Этот ответ вызвал беспокойство в Вашингтоне и дискуссию, следует ли продолжать настаивать на этом пункте. Посол Гарриман вместе с сотрудниками нашего посольства также обсуждали эту тупиковую ситуацию. Не помню, к чему свелась дискуссия, но, мне кажется, из Вашингтона поступило предложение просить Сталина войти в наше положение и помочь разрешить наши внутриполитические трудности, связанные с этой ситуацией.
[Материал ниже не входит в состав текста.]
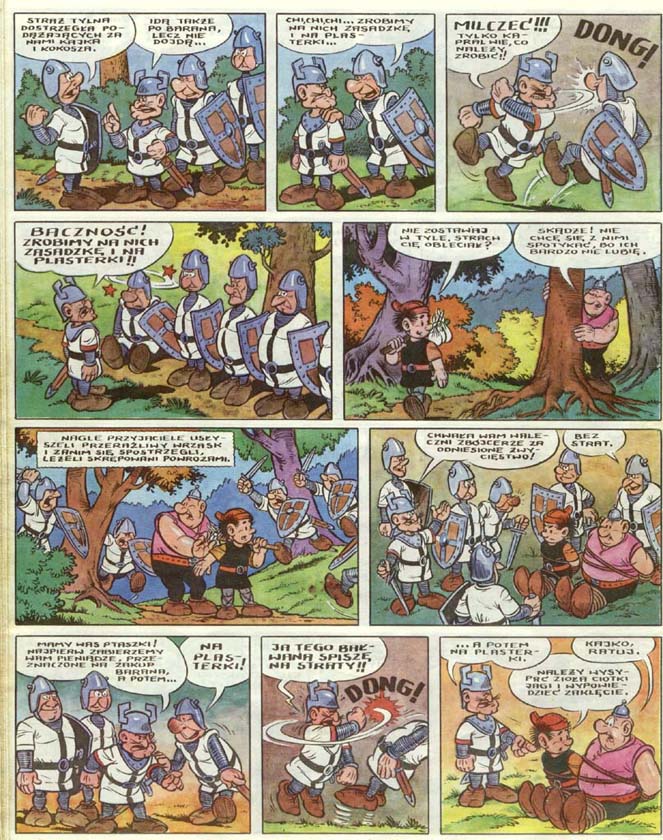 Wielki turniej, strona 20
Что касается меня, то я всегда был против того, чтобы наши государственные деятели выдвигали в качестве аргумента в дискуссии с другими правительствами наши внутренние проблемы. На следующее утро я составил для посла памятную записку, из которой привожу отдельные положения:
"Мы должны ясно и глубоко понимать создавшееся положение. Советское правительство рассматривает пограничные страны в категории сферы своих интересов. Оно хочет, чтобы мы поддержали его возможные акции в этих регионах, независимо от того, оцениваем мы эти акции позитивно или негативно. Я уверен, что при сохранении этой позиции оно само воздержится от моральных оценок каких-либо действий, которые мы можем предпринять, например в Карибском регионе. Наш народ не имеет в виду вышеуказанной особенности советского мышления и надеется, что советское правительство готово вступить в международную организацию по безопасности для предотвращения агрессии. Перспектива разочарования в этом отношении может повлечь за собой опасность появления у нас в стране резкой критики действий Москвы, что, возможно, окажет отрицательное влияние на наши взаимоотношения с Россией. Наша задача состоит в том, чтобы смягчить адаптацию к подобному положению дел, поскольку оно может сложиться в перспективе. Нам прежде всего необходимо сохранять хладнокровие и ясность мышления. Мы ни в коем случае не должны допускать, чтобы русские почувствовали, что их позиция может иметь политический резонанс в нашей стране, и таким образом, чтобы мы оказались в положении просителей, уговаривающих их предпринять те или иные действия, которые бы благоприятно повлияли на нашу внутриполитическую ситуацию. Русские в этом случае могут слегка пересмотреть свою позицию по вопросу голосования в Совете или выдвинуть какие-то предложения, успокаивающие наше общественное мнение, но они потребуют за это значительных уступок. При этом они едва ли пойдут на принципиальное изменение своей позиции. Мы должны не выступать в качестве просителей, а сделать русским дружественное предупреждение в том смысле, что нам было бы жаль, если бы пришлось разъяснить нашей общественности, что только Россия из всех великих держав не желает подчинить свои будущие действия воле международного сообщества. Это лишит наш народ иллюзий относительно возможности действительно эффективного международного сотрудничества и ненужных надежд на наши будущие взаимоотношения. Россию надо поставить перед выбором. Если американское общественное мнение неблагоприятно для нее, то при предлагаемом подходе ответственность за это несет только она сама".